Four and a half years ago when former Chicago Bears general manager Jerry Angelo made the trade, it was suppose to solve the franchise’s quarterback woes for at least a decade. The price tag was high–two first round picks, a fringe starting quarterback and a tack-on third–but Jay Cutler ceiling was deemed even higher.
Now in his fifth season in Chicago, Jay Cutler is the highest-rated passer in the franchise’s history and he has a 38-25 record as a starter. He’s led the franchise to a couple of 10-win seasons and a conference championship game in 2010, and he’s managed to put his stamp all over the Chicago Bears’ record books despite an unmistakable lack of talent along the offensive front and at the skill positions.
However, with the Bears fielding what was essentially a new offense in 2013, the expectations were high.
After adding the likes of Brandon Marshall and Alshon Jeffery in 2012, the Bears went out and signed free agent tight end Martellus Bennett and retooled the offensive line. And with Jay Cutler entering a contract year with his most talented supporting cast in Chicago to date, the message was clear:
This was (and is) a make-or-break year for Jay Cutler.
And while the early results were enough to further the idea of extending the gunslinger, it looks like Jay Cutler’s tenure in Chicago could be over.

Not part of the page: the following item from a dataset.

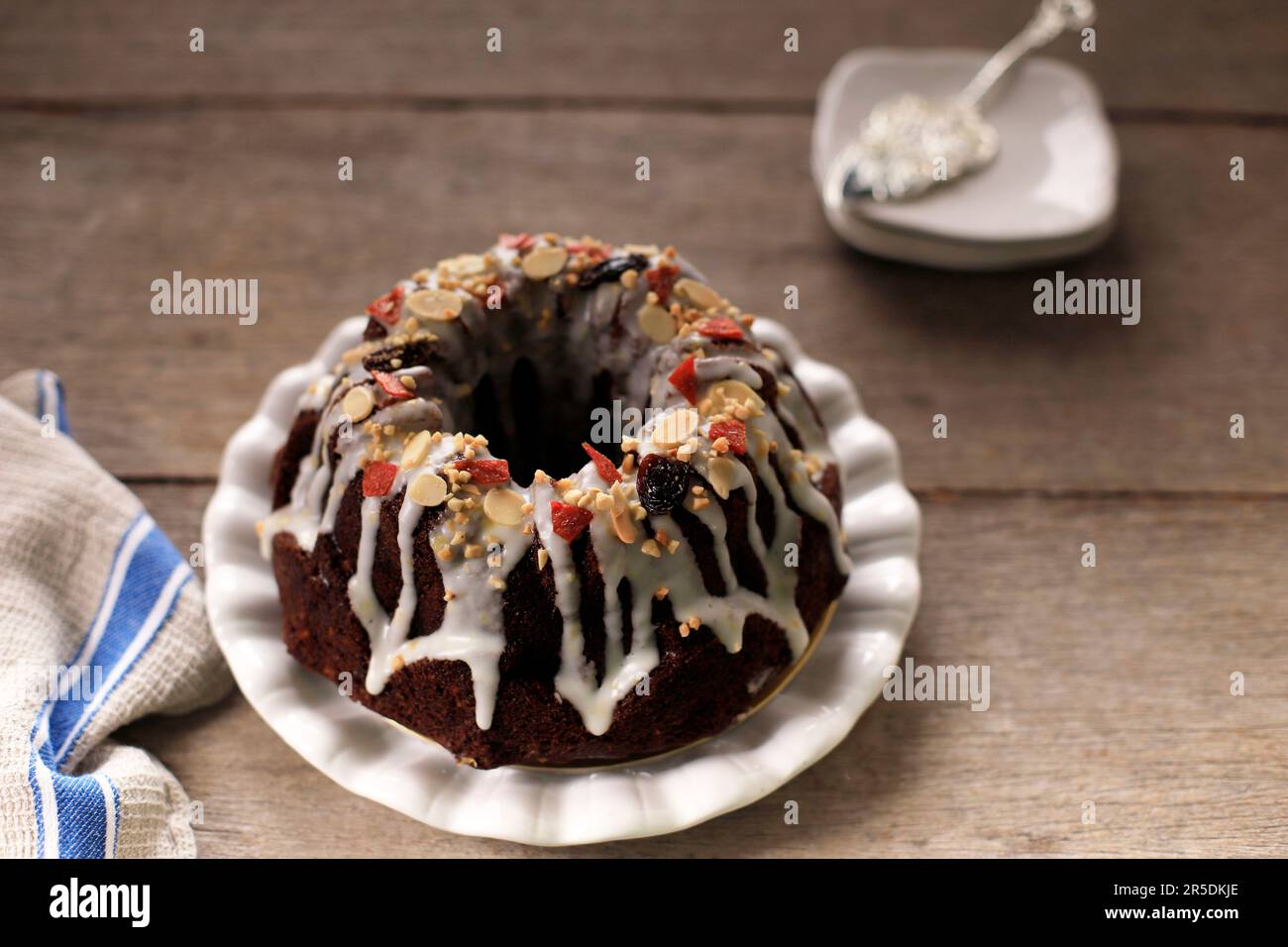 Chocolate Christmas Bundt Fruit Cake with Lemon Frosting, Fruity and Chopped Almonds Toping Stock Photo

No, it’s not that Jay Cutler isn’t talented, and it has nothing to do with the notion that Cutler isn’t tough. He’s been the heavy bag of the NFC North for half a decade–taking unprotected shot after unprotected shot–and he’s kept on coming.
He proved earlier this year against Pittsburgh that he doesn’t mind delivering a blow either.
Yet, the uncontested fact is that in a town like Chicago–even though we’ve never seen a quarterback of Jay’s ilk–the idea of going 28 years without a championship begins to weigh on everybody. And even when you’re talking about what may be the most talented quarterback the franchise has ever known, the fact that Jay Cutler remains ring-less has the fanbase on edge.
With Cutler sidelined for the next four-to-six weeks, the Chicago Bears are going to struggle to keep pace with the Green Bay Packers and the Detroit Lions in the NFC North, just as they did after a 7-3 start in 2011. And if the Bears miss the postseason for the fourth time in five seasons with Jay Cutler at the helm, it’s hard to justify resigning the mercurial star.
New general manager Phil Emery has run his entire administration against the grain, and he’s made no bones about going out of his way to put his own spin on the direction of this franchise. In his first year, he went out and snagged Brandon Marshall for a couple of third-round picks. In his second season, he was able to go out and make a pair of big splash signings in free agency thanks to a few slight-of-hand salary cap tricks.
Needless to say, the idea of Emery shedding $10 million dollars of salary cap and distancing himself from a trade made by the previous administration that cost two first-round picks and resulted in one trip to the postseason (provided the Bears don’t make the playoffs this season) has to sound pretty alluring.
Then again, the alternatives aren’t great. If the Bears slink to 7-9 or 8-8 they probably won’t have the draft position or the firepower to take a franchise player at the position in the 2014 NFL Draft. And if Cutler isn’t going to be resigned, it’s hard to imagine that the Bears would be willing to spend money on a free agent or leverage picks in a trade.
The only other conceivable move would be to work out a short-term deal for Cutler. And, given that the market is softening with Jay Cutler set to spend the next several weeks inactive, they could likely get him for a reasonable price.
However, if Jay Cutler isn’t willing to risk a one or two-year deal (and given what he’s been through in Chicago, who could blame him if he didn’t), this could be the end of Jay Cutler and the Chicago Bears.
Short of the Bears treading water and Cutler leading them through some miraculous run into the postseason (his hopes of getting that Joe Flacco money probably depend up on a pretty deep run, at that), it’s hard to imagine Jay Cutler calling the plays for the Chicago Bears in 2014.
I’m not entirely sure how that makes me feel.